Reproduce the data below in full and exclude every picture.

> [SUPPLIED INFORMATION]:
•••••

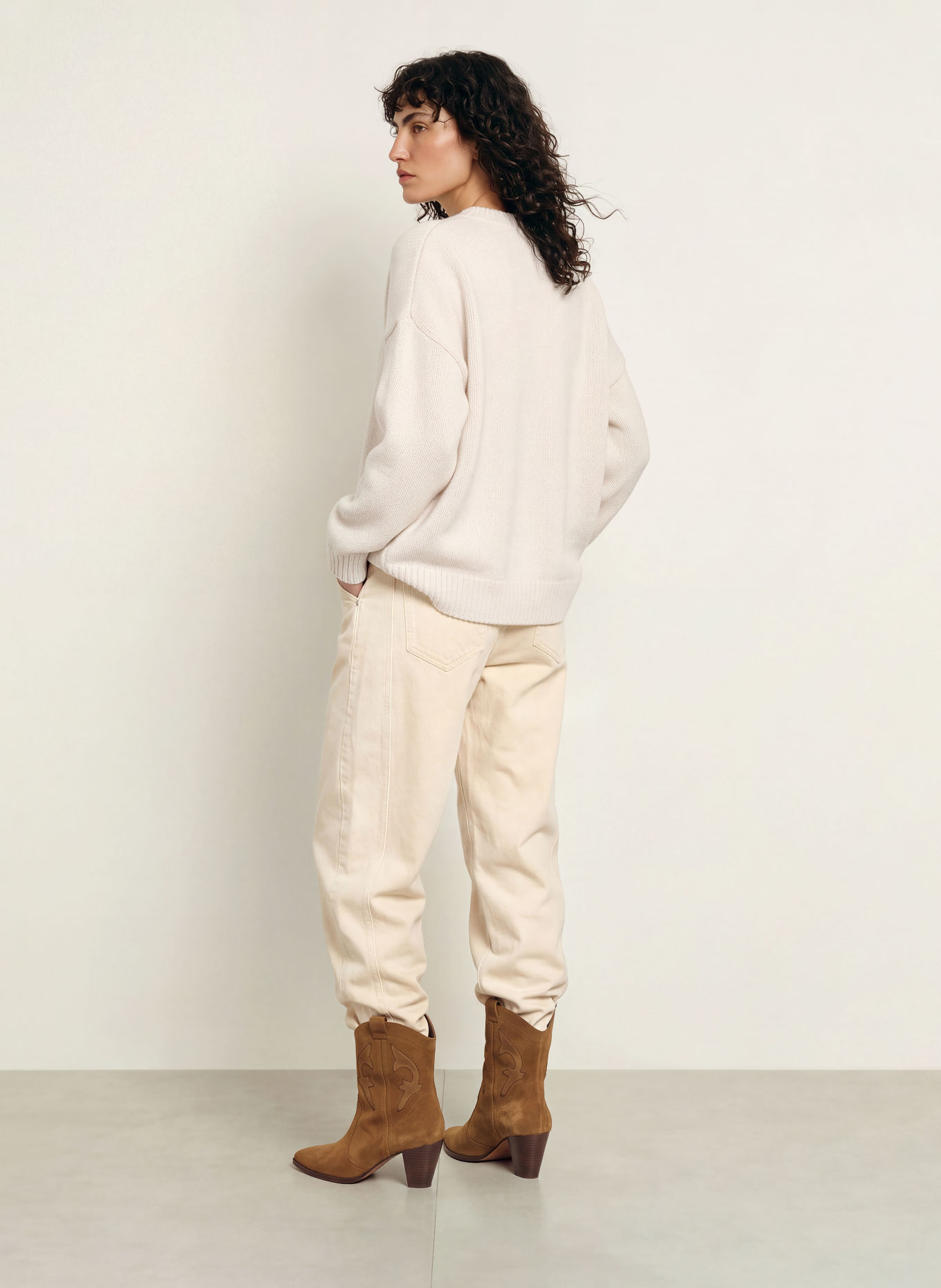 MARANT ÉTOILE Pullover JADE: ECRU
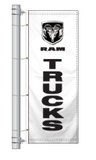 Car Manufacturer Bracket Pole Flags for Auto Dealerships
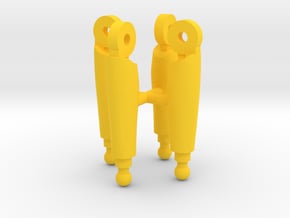 Time Traveler Lower Legs in Yellow Processed Versatile Plastic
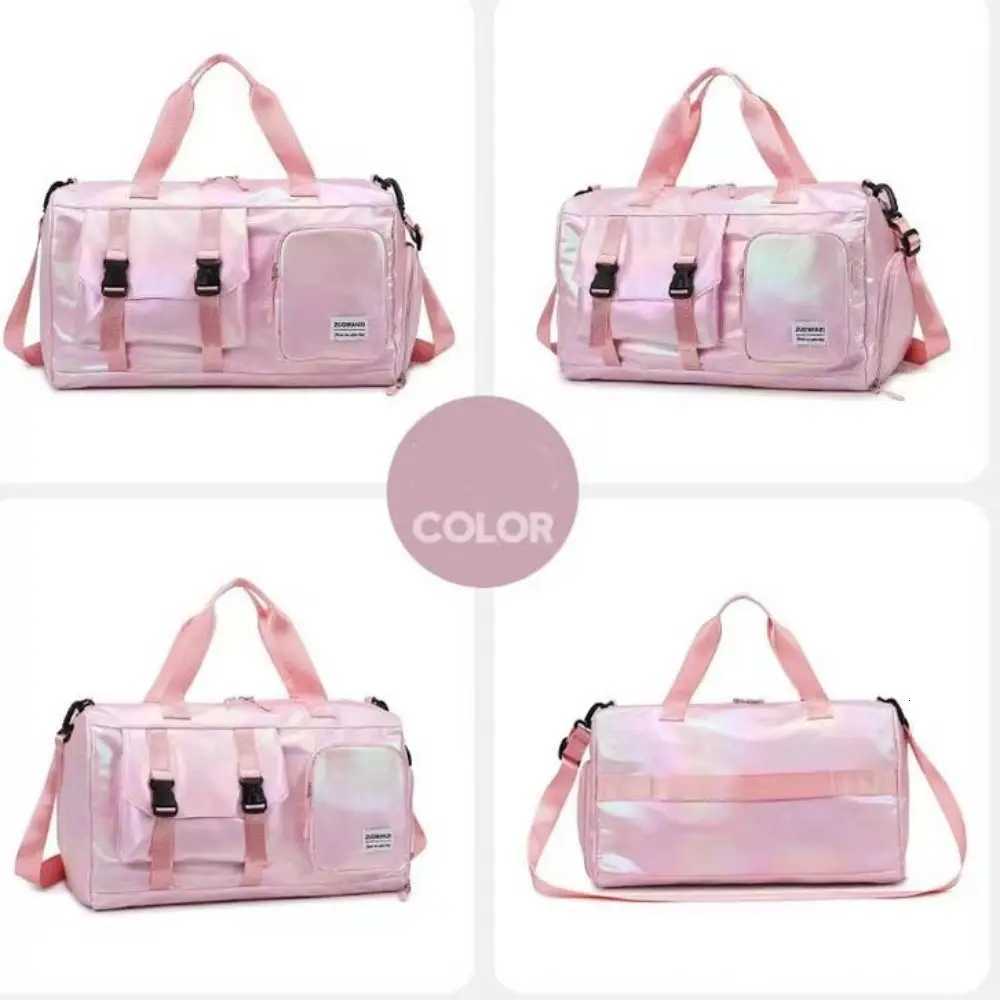 Pearl Glossy Gym Bag Wet Dry Separati Large Capacity Travel Lage Bag Carry- Waterproof Weekender Gym Tote Sports Y251128-image-1086505829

•••••

> [TASK RESPONSE]:
 MARANT ÉTOILE Pullover JADE: ECRU
 Car Manufacturer Bracket Pole Flags for Auto Dealerships
 Time Traveler Lower Legs in Yellow Processed Versatile Plastic
 Pearl Glossy Gym Bag Wet Dry Separati Large Capacity Travel Lage Bag Carry- Waterproof Weekender Gym Tote Sports Y251128-image-1086505829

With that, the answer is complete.